Projects that aim to improve the experience of buying a second-hand electric vehicle (EV), support charging in rural areas and increase vehicle range have received £20m in funding.
The winners of the research and development funding announced by transport secretary Grant Shapps include:
- an onboard plug-in device that provides drivers with data on battery health to help improve the experience of buying second-hand EVs
- a kinetic battery that will provide a temporary power boost for charging the next generation of ultra-fast EVs at peak times in rural areas
- a zero-emission ambulance with a hydrogen range extender designed from the ground up
- the development of a solar-powered refrigeration unit for small commercial vehicles
The funding, awarded to 62 EV technology innovations, could unlock some of the barriers to EV ownership by providing solutions to battery health and charging for both urban and rural areas, the Government said.
Shapps said: “Ahead of major climate summit COP26 this year, investment in exciting projects such as these is key to making the switch to electric vehicles more attractive for drivers than ever before.
“Not only will they propel us further towards our net-zero ambitions, they will also help harness some of the brightest talent in the UK tech industry, encouraging businesses to become global leaders in EV innovation and creating jobs as we build back better.”
Silviya Barrett at the Campaign for Better Transport said: “This announcement is a welcome step on the road to increasing the take-up of electric vehicles. Innovations like the ones announced today can help stimulate demand and grow British manufacturing in this vital industry.

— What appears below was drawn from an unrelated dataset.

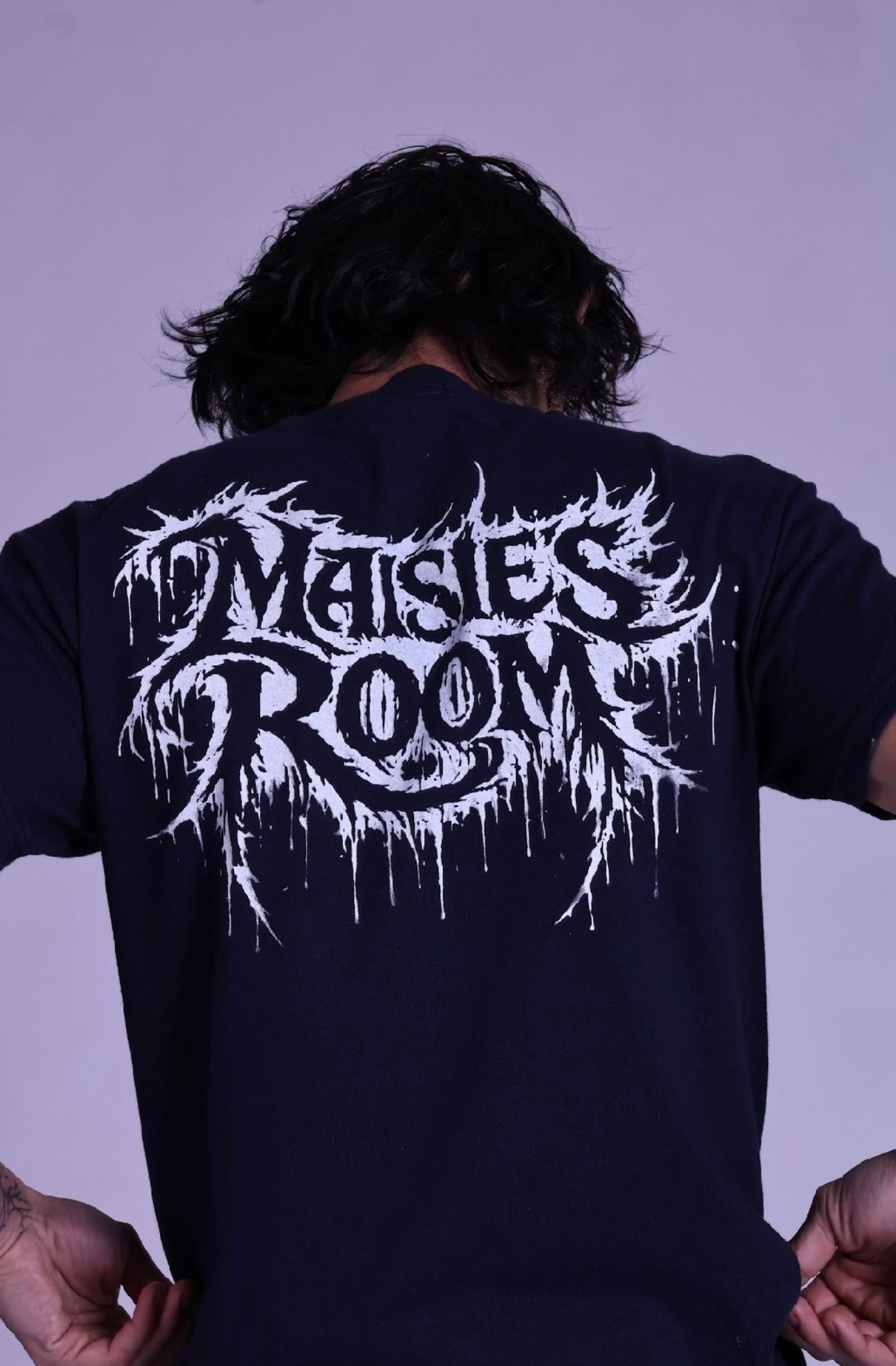 White Horse tee in navy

“Coupled with measures to improve the public transport network and encourage its use, we can start to truly tackle carbon emissions, air pollution and congestion and move towards a greener, fairer recovery.”
Government said previous research and development funding from the Office for Zero Emission Vehicles (OZEV) has supported the UK’s first solar electric forecourt in Braintree, Essex.
A separate project is trialling vehicle-to-grid (V2G) technology, enabling EVs to store and sell energy back to the grid during increased levels of demand.
The Department for Transport (DfT) has also launched a project to find an ‘iconic British design’ for public charge points, which could see them become as recognisable as a red post box or a black cab, according to government.
The resulting design is set to be unveiled at COP26 in Glasgow this November.